## EXERCISE
Skip every image and restate the data word for word.

[Collected data]

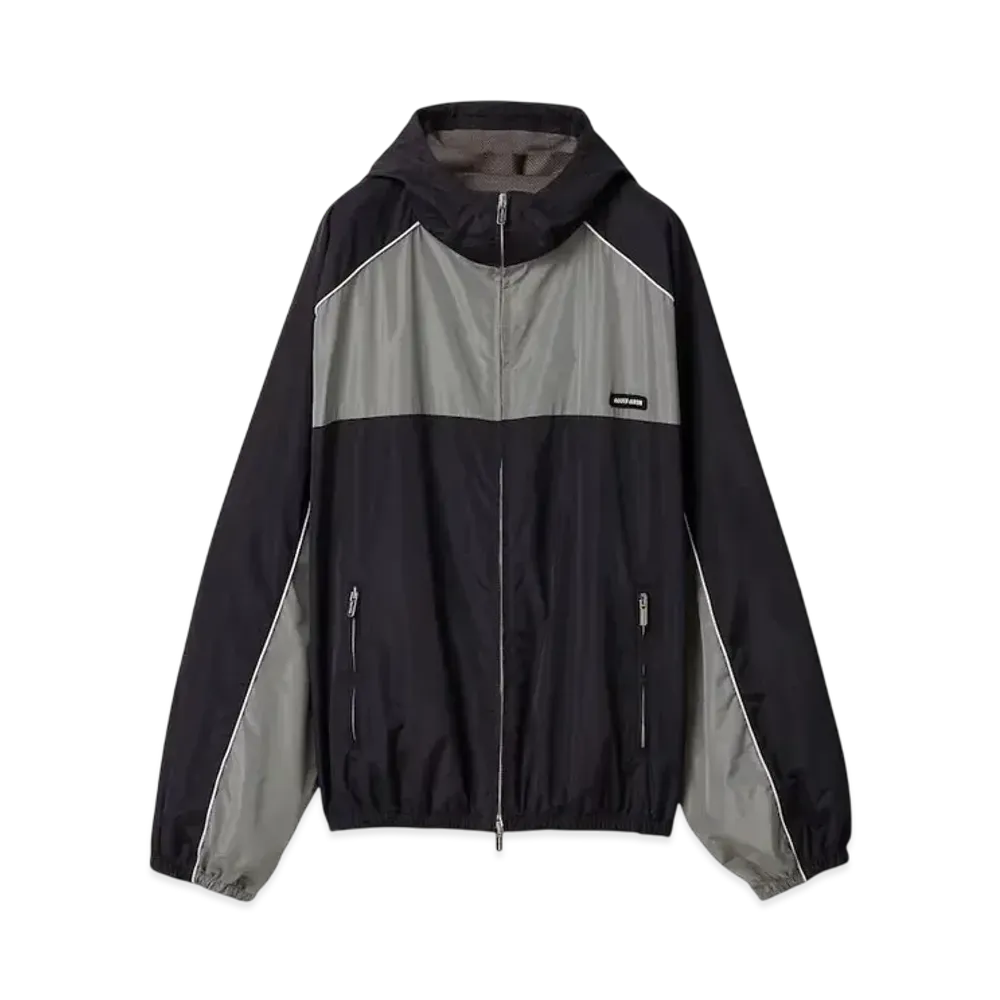 MIUMIU Women's Technical Silk Zipper Blouson Jacket "Blue/Silver Gray"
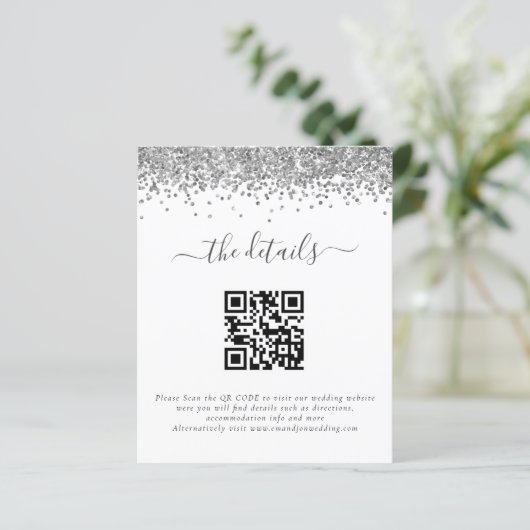 Papier Détails sur le Mariage de code QR de Parties scint (Debout devant)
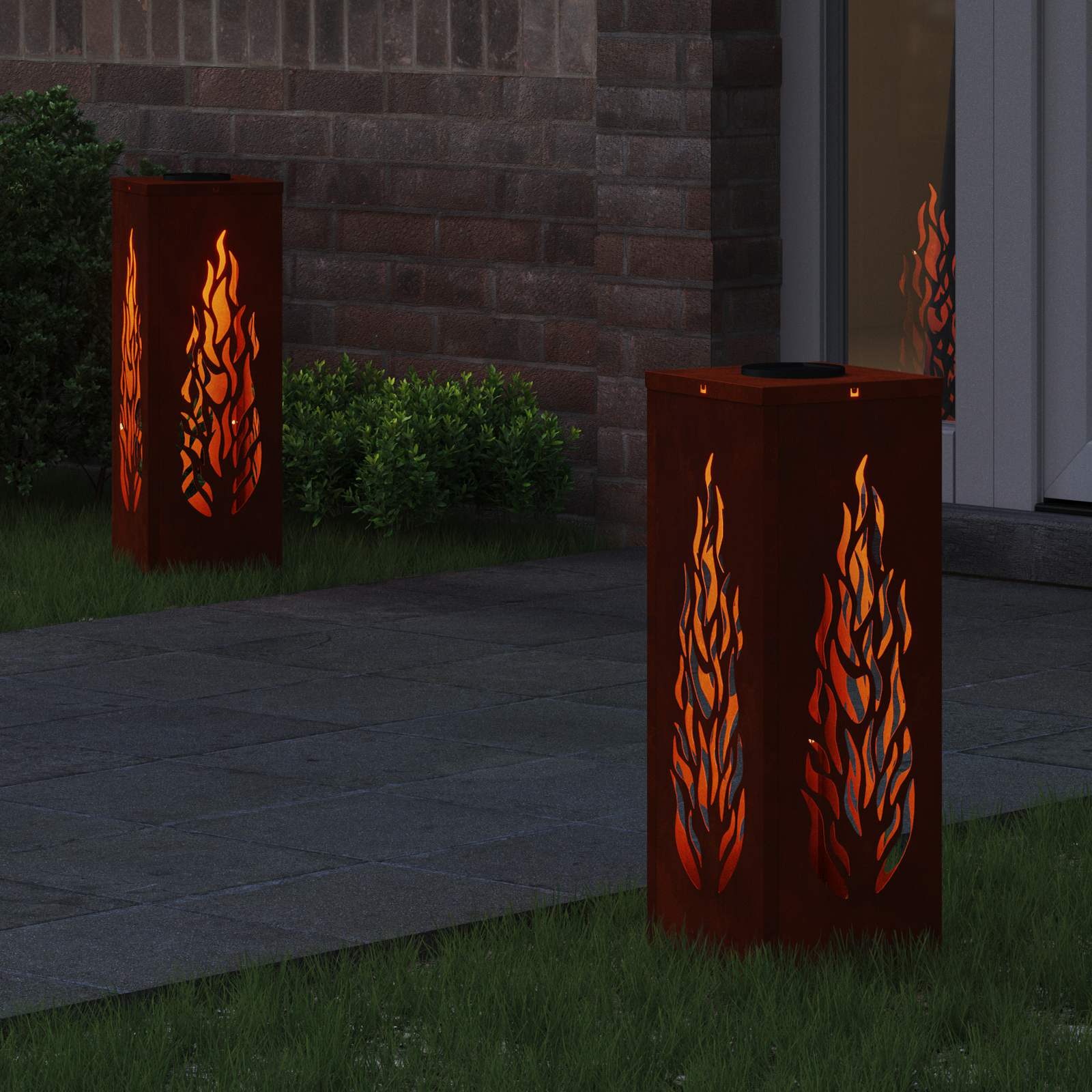 Solar LED Pad Licht 2 pcs Cortenstaal Cortenstaal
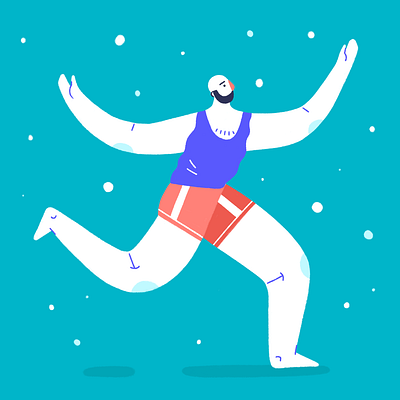 Freezing character cold freeze illustration man running winter
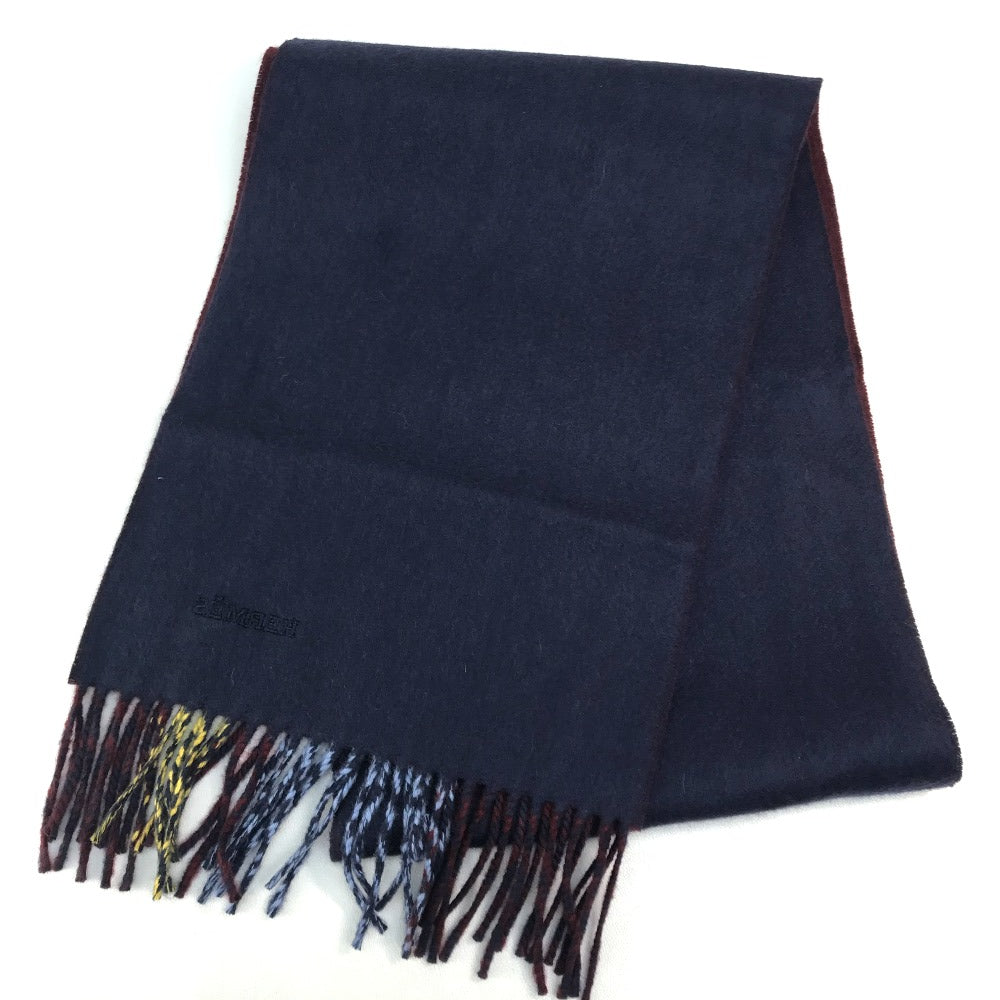 HERMES Scarf cashmere Multicolor / navy Alternate stripe unisex(Unisex)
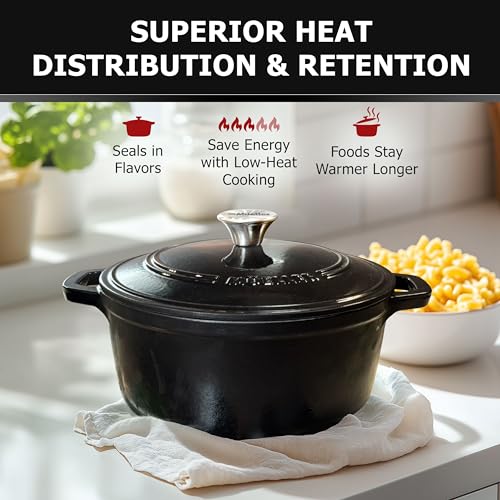 MUELLER HOME 6 Quart Enameled Cast Iron Pot Dutch Oven (6 Quart -Round / Black)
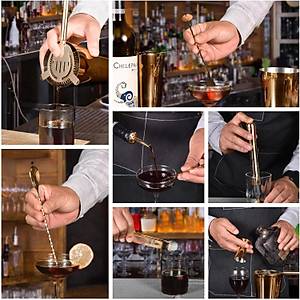 Ah�ap Standl� Kokteyl Haz�rlama Seti - Alt�n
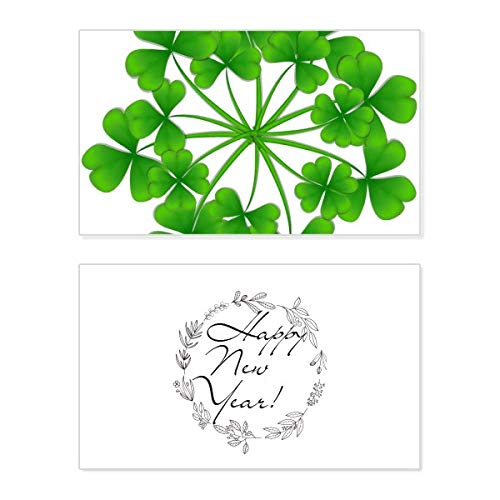 Tarjeta de San Patricio de estilo irlandés con trébol de cuatro hojas para regalar en Año Nuevo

## TASK ANSWER
 MIUMIU Women's Technical Silk Zipper Blouson Jacket "Blue/Silver Gray"
 Papier Détails sur le Mariage de code QR de Parties scint (Debout devant)
 Solar LED Pad Licht 2 pcs Cortenstaal Cortenstaal
 Freezing character cold freeze illustration man running winter
 HERMES Scarf cashmere Multicolor / navy Alternate stripe unisex(Unisex)
 MUELLER HOME 6 Quart Enameled Cast Iron Pot Dutch Oven (6 Quart -Round / Black)
 Ah�ap Standl� Kokteyl Haz�rlama Seti - Alt�n
 Tarjeta de San Patricio de estilo irlandés con trébol de cuatro hojas para regalar en Año Nuevo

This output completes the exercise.